Anyhow, your situation. If they are actually 5 - 6 weeks of age, I would expect they would adjust. So I am trying to offer you hope. As for methodology, I hope that others here can be of help.
I did do an internet search on "how to domesticate feral kittens" and saw the following instructions. Don't know if my posting as a cut and paste is a no no, but you would get the same hits using safari and that phrase.
"Give the kitties a safe space. Once you are able to bring the feral kittens indoors, create a safe space for them in a bathroom, spare room or other confined space, where they won’t be around humans, dogs or other cats. Install a litter box (they’ll instinctively know what to do with it) and supply food, water, beds and cat toys. At first, the kittens will be scared to death of you and won’t come near you. They’ll hide when you enter the room and hiss and scratch at you if you get to close. This is all perfectly normal behavior.
Ignore them. If you try to get the feral kittens to come to you before they’re ready, the only result will be hands and arms covered with scratches. When you first start working with them, the best approach is no approach: Ignore them until they’re ready to investigate you. Unfortunately, it could take days or weeks for them to start coming around, but your patience will pay off eventually.
Read to them. My favorite way to get feral kittens accustomed to being around humans is to sit in the room with them and read aloud from a book. The book serves two purposes: It keeps you from getting bored — of course — and it allows the kittens to get used to the sound of human voices. Visit them for about 15 minutes at a time, as many times a day as your schedule allows.
Introduce them to play. With enough time and patience, you’ll find that the kittens will start investigating you — let’s hope sooner rather than later. Don’t grab at them or make sudden moves, which can set you back days. Instead, arm yourself with a couple of string toys, the kind that have a feathery mouse dangling off a short pole — or a laser pointer — and tease them into pouncing on it. You’ll be able to engage with them without having to get too close.
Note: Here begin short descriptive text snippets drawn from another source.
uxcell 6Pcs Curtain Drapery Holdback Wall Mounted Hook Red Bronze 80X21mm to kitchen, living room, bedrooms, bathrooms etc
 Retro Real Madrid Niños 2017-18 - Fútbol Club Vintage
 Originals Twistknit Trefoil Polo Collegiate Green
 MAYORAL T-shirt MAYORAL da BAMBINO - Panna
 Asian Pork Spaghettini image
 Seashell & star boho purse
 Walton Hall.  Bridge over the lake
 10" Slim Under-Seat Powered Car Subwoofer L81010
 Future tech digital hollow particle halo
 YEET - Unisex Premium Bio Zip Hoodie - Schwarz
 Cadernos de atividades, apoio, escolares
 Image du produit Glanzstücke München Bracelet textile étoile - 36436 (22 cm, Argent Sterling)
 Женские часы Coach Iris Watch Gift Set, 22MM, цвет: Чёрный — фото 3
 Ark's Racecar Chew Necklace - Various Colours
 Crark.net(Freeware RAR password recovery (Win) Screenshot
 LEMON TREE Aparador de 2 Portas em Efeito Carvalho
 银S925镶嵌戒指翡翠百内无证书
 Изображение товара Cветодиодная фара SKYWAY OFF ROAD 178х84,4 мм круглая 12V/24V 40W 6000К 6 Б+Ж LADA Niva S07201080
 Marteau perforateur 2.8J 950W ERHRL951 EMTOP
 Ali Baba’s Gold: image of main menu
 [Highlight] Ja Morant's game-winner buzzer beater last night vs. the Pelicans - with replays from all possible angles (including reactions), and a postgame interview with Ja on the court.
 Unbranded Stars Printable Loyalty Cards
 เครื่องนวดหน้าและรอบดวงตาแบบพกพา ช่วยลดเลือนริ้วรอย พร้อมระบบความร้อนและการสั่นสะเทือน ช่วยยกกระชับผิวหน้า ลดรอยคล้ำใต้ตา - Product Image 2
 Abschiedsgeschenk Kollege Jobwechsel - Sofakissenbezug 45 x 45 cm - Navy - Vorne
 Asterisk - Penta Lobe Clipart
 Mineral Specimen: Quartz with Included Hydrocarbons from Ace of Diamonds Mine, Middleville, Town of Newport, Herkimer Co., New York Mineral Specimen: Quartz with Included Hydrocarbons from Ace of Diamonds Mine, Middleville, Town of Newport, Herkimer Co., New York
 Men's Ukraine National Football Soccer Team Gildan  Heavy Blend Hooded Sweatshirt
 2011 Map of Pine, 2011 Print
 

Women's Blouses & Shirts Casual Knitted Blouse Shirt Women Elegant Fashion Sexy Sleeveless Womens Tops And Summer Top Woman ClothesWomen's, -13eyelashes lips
Handle with care! Once the kittens begin to respond to your presence and play with toys, take things a step further by initiating physical contact. Go slow and let them come to you. Don’t grab them, and don’t pressure them into doing anything they aren’t ready for yet. When you are able to handle them regularly, do so as often as possible. Your primary goal at this point is to acclimate them to human touch."